Sticking with the agricultural references, we are facing a water shortage and not a wildfire. We are not Little House on the Prairie where we have only ourselves on which to rely for seeds. We are most certainly not solely dependent on annual food crops. The enterprise of scientific research in the US is a perennial. It has persistence and resilience.

The ESI debate was no different. We were not then, and are not now, talking about the sort of existential emergency that is described by “eating our seed corn”. We are talking about priorities of how many plants and in what variety we can support, given a water supply that is rationed by external forces. We’re only getting so many acre-feet this year. And it looks to be less than we got last year.

The point is that we need to make rational, thinking choices about what we are going to prioritize and support. We should not panic, running all about screaming that every crop will be gone forever if we don’t water it just like it was watered last year.

6 Responses to “It is NOT “eating our seed corn””

  1. jmz4 Says:

    Its more like “losing a harvest” if we’re going to strain agricultural metaphors to encompass something we should just be able to understand without additional abstraction.

    I’m in this boat. I was interviewing this year with my K99 and fancy Nature paper that took forever to get and diversity and outreach experience, and teaching, and mentoring and all the other ducks in their row. Even so, 40 applications and only a few interviews. But two of them looked promising.

    I’m pissed, I’m bitter. I wish old people would at least talk about retiring rather than just wringing their hands. But they do the same thing when they talk about diversity. It’s always the younger crop that needs to sacrifice to make the pool of professors more diverse, never mind you could axe one old white dude and fund 3 TT positions in his place.
    But it isn’t going to hurt science in the long run. Getting a tenure track job has been a long shot for most PDs for a while. It’ll be a bit longer of a shot for a while. There will probably still be suckers trying to do it 2 years from now. I’m not going to be one of them, though.

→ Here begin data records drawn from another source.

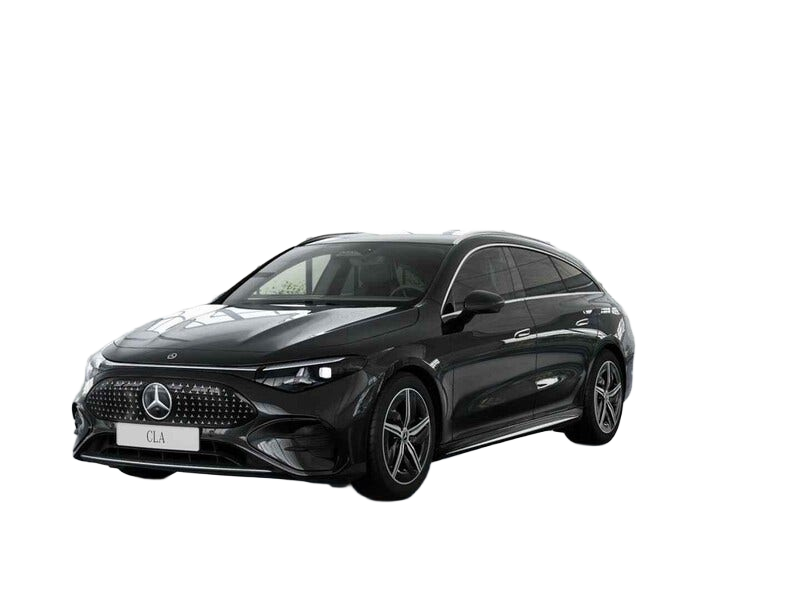 Mercedes Benz CLA occasion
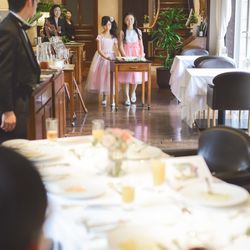 オーベルジュ・ド・リル サッポロの写真35枚目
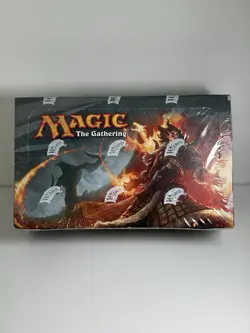 MAGIC MTG Fate Reforged BOOSTER BOX Factory Sealed 2015! - Image 1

  2. Neuro-conservative Says:

    jmz4 – can you tell us a little more – did the two promising departments tell you that they were cancelling their hiring process due to the Wuhan coronavirus?


  3. jmz4 Says:

    Yes. One was a closed recruitment with a few other applicants, the other I had been invited back for a second interview. In both cases they said they were “pausing” indefinitely their recruitment in light of hiring freezes in effect at the institutions. One was a clinical department that was getting double-whammied.
    Independent verification confirmed hiring freezes were, in fact, in place at both universities.


  4. Neuro-conservative Says:

    I certainly hope for the best for you, and that these institutions will be able to re-open their process. Perhaps also your current institution will make you an offer? I am aware of people under normal circumstances who have been able to convert their K99 to R00 while staying in place.


  5. Curio Says:

    “never mind you could axe one old white dude and fund 3 TT positions in his place”
    Pray tell, how do you come up with this figure? The truly ax-able oldie is not drawing 3M next year — a reasonable bet for 3 startups. Also, don’t assume they’re white or dudes.
    I ache for you in this position — it sucks. But the solutions are not trivial and the math had better back up your proposals.


  6. jmz4 Says:

    My current institution is Harvard. They don’t do “that sort of thing.”